AMD's new dual-chip graphics technology matches Nvidia at high end.

Brooke Crothers Former CNET contributor
Brooke Crothers writes about mobile computer systems, including laptops, tablets, smartphones: how they define the computing experience and the hardware that makes them tick. He has served as an editor at large at CNET News and a contributing reporter to The New York Times' Bits and Technology sections. His interest in things small began when living in Tokyo in a very small apartment for a very long time.
Brooke Crothers
2 min read

Advanced Micro Devices announced on Monday its most powerful graphics technology to date, going after Nvidia in the rarified--and closely watched--enthusiast game segment.

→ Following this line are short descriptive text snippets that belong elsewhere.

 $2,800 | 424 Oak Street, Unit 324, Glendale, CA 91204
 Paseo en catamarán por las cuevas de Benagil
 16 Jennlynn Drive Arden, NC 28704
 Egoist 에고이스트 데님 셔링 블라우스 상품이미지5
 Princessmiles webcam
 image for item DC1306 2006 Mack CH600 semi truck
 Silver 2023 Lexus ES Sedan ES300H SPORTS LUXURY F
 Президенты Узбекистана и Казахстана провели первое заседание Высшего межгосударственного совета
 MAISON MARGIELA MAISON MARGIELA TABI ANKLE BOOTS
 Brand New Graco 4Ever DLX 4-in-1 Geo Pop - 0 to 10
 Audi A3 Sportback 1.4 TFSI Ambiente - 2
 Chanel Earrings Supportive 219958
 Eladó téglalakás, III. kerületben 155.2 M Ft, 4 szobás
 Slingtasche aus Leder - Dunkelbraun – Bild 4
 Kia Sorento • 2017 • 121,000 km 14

This also marks the current performance pinnacle of AMD's strategy to beat Nvidia at the high end by building comparatively smaller chips and then ganging them together for better performance.

The ATI Radeon HD 4870 X2 graphics board houses two 4870 graphics processing units (GPUs) and competes with Nvidia's fastest board, based on the GTX 280. In chip-to-chip competition, Nvidia's GTX 280 generally beats a single 4870 in performance because it's bigger and faster: the Nvidia chip packs 1.4 billion transistors onto one chip, while ATI has about 950 million.

But because AMD puts two chips on one board and has improved chip-to-chip communication, the 4870 X2 is is expected to equal or exceed the Nvidia chip in many cases.

AMD has introduced a more advanced cross-GPU connection technology based on the PCIe Generation 2 standard. And the 4807 X2 can use two gigabytes of memory, compared to most high-end boards that use a maximum of one gigabyte. It also uses memory based on the new GDDR5 standard.

AMD says the 4870 X2 delivers over 3X the bandwidth of the its previous dual-GPU board, the 3870 X2
AMD says the 4870 X2 delivers over 3X the bandwidth of the its previous dual-GPU board, the 3870 X2 AMD

One of the central challenges for AMD is to make sure the performance scales up efficiently when more chips are added. This is the crux of AMD's strategy: instead of building a large monolithic--albeit fast--chip as Nvidia typically does, AMD takes smaller chips and gangs them together for better performance.

To date, the results for multi-GPU performance have been problematic, typically another board will deliver only 1.5 times better performance. AMD is targeting 1.8 the performance with two chips running games in high resolution, and with four of them, about 2.5, according to earlier comments from Jon Peddie of Jon Peddie Research.

Game PC vendors expect good things. "(The 4870 X2 is) more than a match for a single Nvidia GTX 280, and depending on the title sometimes a match for two GTX 280s," said Kelt Reeves, CEO of game PC maker Falcon Northwest, responding to an email query. "Drivers are now ATI's only weak area, so the 4870 X2's performance and scaling with two 4870 X2s (QuadFire) often varies widely from title to title," he said.

In September, AMD is also expected to bring out the HD 4850 X2, a dual-chip board with slightly lower performance. The higher-end 4870 X2 is rated at 2.4 TFLOPs (or teraFLOPs a common yardstick for raw graphics chip compute power) and communicates with memory at 230GB per second, while the 4850 X2 is rated at 2.0 TFLOPs and has a memory bandwidth of 128GB/sec.

Both boards will integrate 1600 stream processors, which do parallel processing on streams of data.

The 4870 X2 is priced at $549. Nvidia preemptively responded to this by cutting the price on the GTX 280 to $499 in July.

The lower-end 4850 X2 will be available in September for $399.